* Description of the task:
Only one span of the listing below is wanted: the lines from the one with "PHYSIOLOGICAL MUZZLE FOR" through the one with "iRobot Roomba Plus", reproduced exactly, both ends kept.

* Extracted entries:

****

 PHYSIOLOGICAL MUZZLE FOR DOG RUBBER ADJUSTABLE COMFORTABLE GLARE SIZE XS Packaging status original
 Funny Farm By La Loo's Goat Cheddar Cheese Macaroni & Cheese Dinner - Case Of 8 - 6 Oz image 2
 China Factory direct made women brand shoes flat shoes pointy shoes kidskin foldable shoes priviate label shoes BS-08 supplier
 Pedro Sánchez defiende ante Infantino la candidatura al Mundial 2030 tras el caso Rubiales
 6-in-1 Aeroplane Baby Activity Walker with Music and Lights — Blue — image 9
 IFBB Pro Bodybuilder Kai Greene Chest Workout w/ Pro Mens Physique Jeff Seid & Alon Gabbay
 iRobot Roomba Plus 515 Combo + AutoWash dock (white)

****

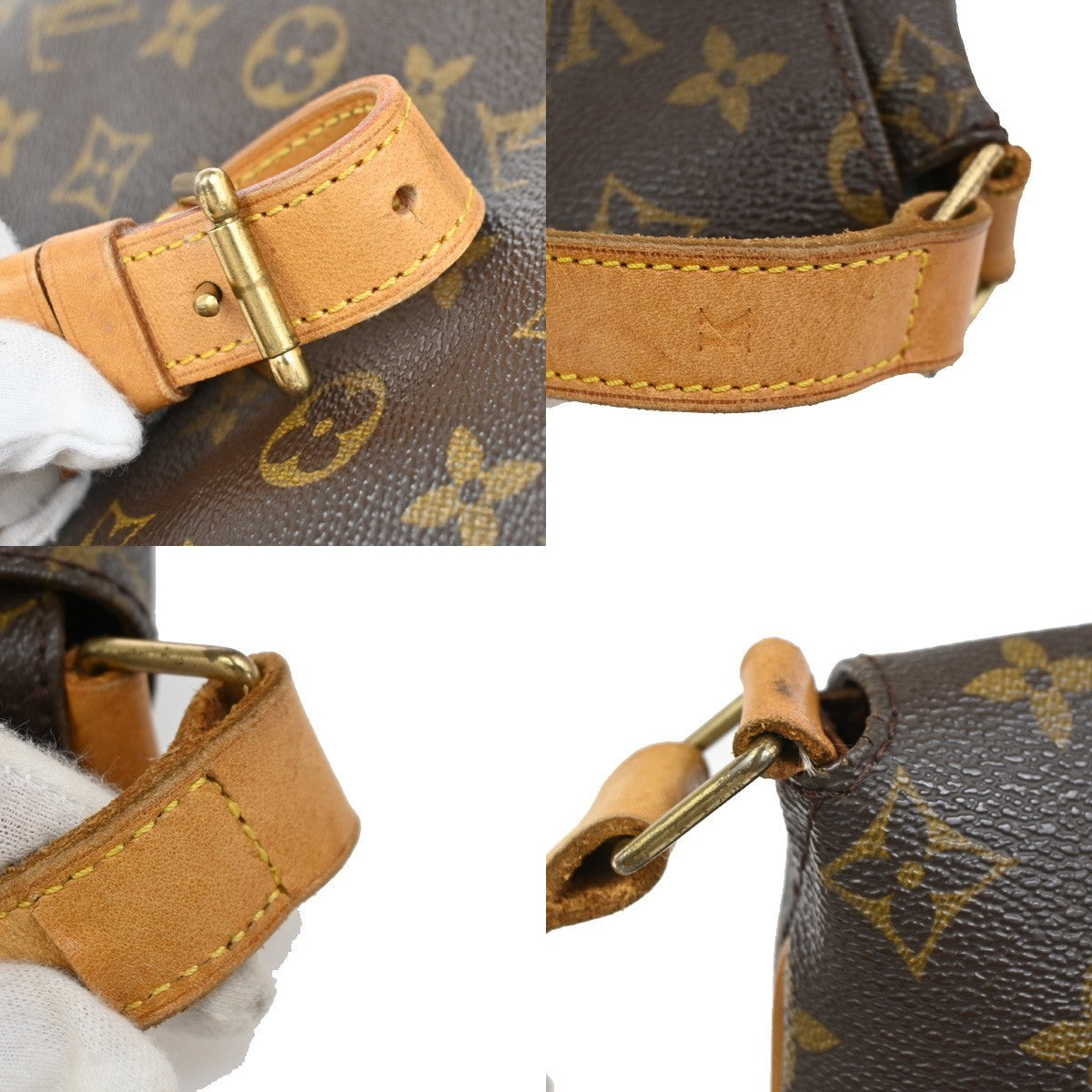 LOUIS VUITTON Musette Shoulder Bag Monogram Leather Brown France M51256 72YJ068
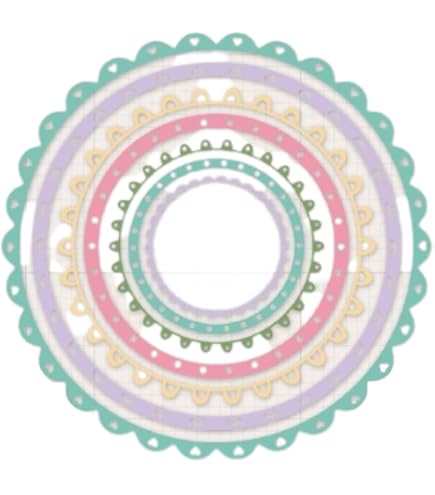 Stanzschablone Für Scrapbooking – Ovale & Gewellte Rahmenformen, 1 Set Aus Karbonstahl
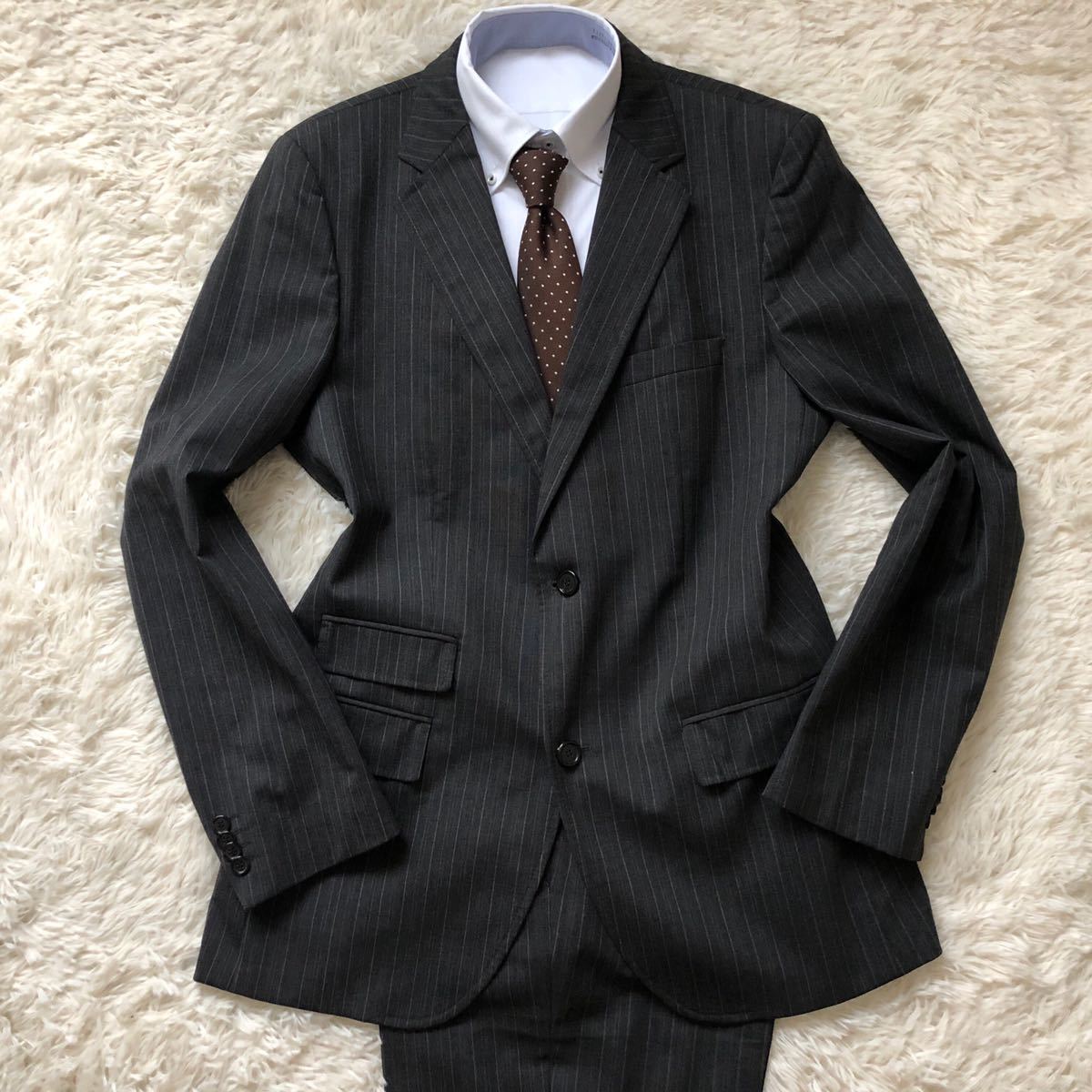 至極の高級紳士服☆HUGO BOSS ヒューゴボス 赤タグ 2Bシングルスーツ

****

* Result below:
 PHYSIOLOGICAL MUZZLE FOR DOG RUBBER ADJUSTABLE COMFORTABLE GLARE SIZE XS Packaging status original
 Funny Farm By La Loo's Goat Cheddar Cheese Macaroni & Cheese Dinner - Case Of 8 - 6 Oz image 2
 China Factory direct made women brand shoes flat shoes pointy shoes kidskin foldable shoes priviate label shoes BS-08 supplier
 Pedro Sánchez defiende ante Infantino la candidatura al Mundial 2030 tras el caso Rubiales
 6-in-1 Aeroplane Baby Activity Walker with Music and Lights — Blue — image 9
 IFBB Pro Bodybuilder Kai Greene Chest Workout w/ Pro Mens Physique Jeff Seid & Alon Gabbay
 iRobot Roomba Plus 515 Combo + AutoWash dock (white)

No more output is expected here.